Ocupações como caixa de ressonância da resistência – Por Diogo Santos*

Vivemos um processo de involução civilizacional no Brasil. O núcleo desse processo é a radicalização do neoliberalismo e a chegada do neocolonialismo como forma de abrir nossas áreas de acumulação de capital forçando um novo ciclo de expansão capitalista para superar a crise corrente.
O outro lado dessa moeda é que temos que enfrentar esse cenário no momento de maior derrota da Esquerda brasileira desde 64. A ligação entre as classes populares e as organizações de Esquerda construída desde a redemocratização foi amplamente destruída, a ideologia das classes dominantes volta com força redobrada e renovada em vários aspectos da vida social. O Executivo Federal só possui compromissos com o capital financeiro e com o imperialismo. O capital produtivo nacional que apoiou o golpe se tornou, como era de se esperar, sócio menor do atual bloco no poder. Salvo algumas vitórias eleitorais pontuais (relevantes, mas pontais) da Esquerda, o quadro geral é de defensiva tática.
Como devemos nos orientar nessa conjuntura? As medidas de curto, médio e longo prazo se confundem, tronando difícil separar o que se deve fazer hoje do que deve ser feito amanhã. Talvez seja melhor pensar que o que decidimos fazer hoje é a matéria-prima do que poderá ser feito amanhã. Vale também considerar o conselho de Drummond para tempos difíceis: não nos afastemos muito / vamos de mãos dadas.
Urge ir ao encontro do povo. Como? Como for possível. Com amplitude e norteados pela defesa da Democracia e o combate às medidas do governo golpista. Mas com cabeça arejada para sermos capazes de sentir o que a massa tem a nos dizer e ensinar e assim construir novos métodos e conteúdo para dirigirmos a luta do povo. Não ficarmos presos às velhas formas ou velhos instrumentos enferrujados e muito menos nos autoproclamarmos os representantes natos do povo.
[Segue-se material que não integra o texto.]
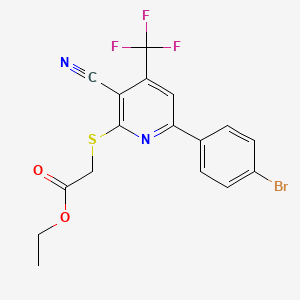 molecular formula C17H12BrF3N2O2S B11597239 Ethyl {[6-(4-bromophenyl)-3-cyano-4-(trifluoromethyl)pyridin-2-yl]sulfanyl}acetate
As contradições do capitalismo periférico nas grandes cidades se aguçaram durante o ciclo de ascensão social dos governos Lula e Dilma. Outras forças políticas têm obtido resultados positivos ao organizarem os setores mais pobres classes populares de algumas dessas cidades. Não seria esse um caminho a ser testado, agregando a nova classe trabalhadora? Apesar de fundamentais, não devemos nos restringir aos estratos superiores da classe operária, esses são minoria nos países subdesenvolvidos – ainda mais na etapa neoliberal do capitalismo – e, portanto, podem vir a ser força dirigente se conseguirmos atualizar a prática teórica e política do movimento sindical à nova composição da classe que busca representar, mas dificilmente serão a força principal do conjunto das classes populares na atualidade. Quem será a força principal? Há de se construir na prática a resposta a essa pergunta.
Dito tudo isso, qual o papel do atual movimento de ocupações dos estudantes? É tempo de Resistência e o inimigo está muito poderoso. Não podemos dispersar energias, é verdade, mas, nem tão pouco podemos desperdiçar oportunidades. Julgo que a luta dos estudantes é uma boa oportunidade para falarmos com o povo.
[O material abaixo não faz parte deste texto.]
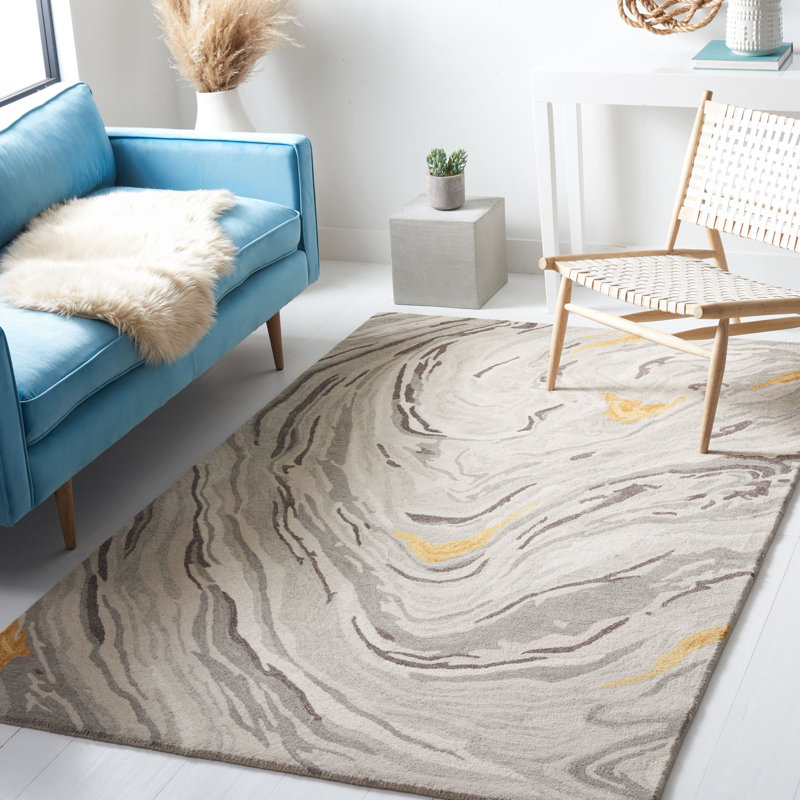 Tapis gris / doré en laine / coton touffeté à la main Soho, Rectangle 8 pi x 10 pi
A Resistência Democrática pode entrar em uma nova fase a partir das ocupações estudantis, especialmente as secundaristas. Por que? Porque a crescente Resistência desde 2015 logrou aglutinar os setores médios: classe média progressista, artistas e intelectuais. Contudo, a blindagem sobre as classes populares ainda não foi quebrada. Já os estudantes ocupados são os filhos dos trabalhadores e as escolas ocupadas estão nos bairros onde moram os trabalhadores. Ou seja, é um movimento contrário às medidas do governo Temer constituído por membros das classes populares.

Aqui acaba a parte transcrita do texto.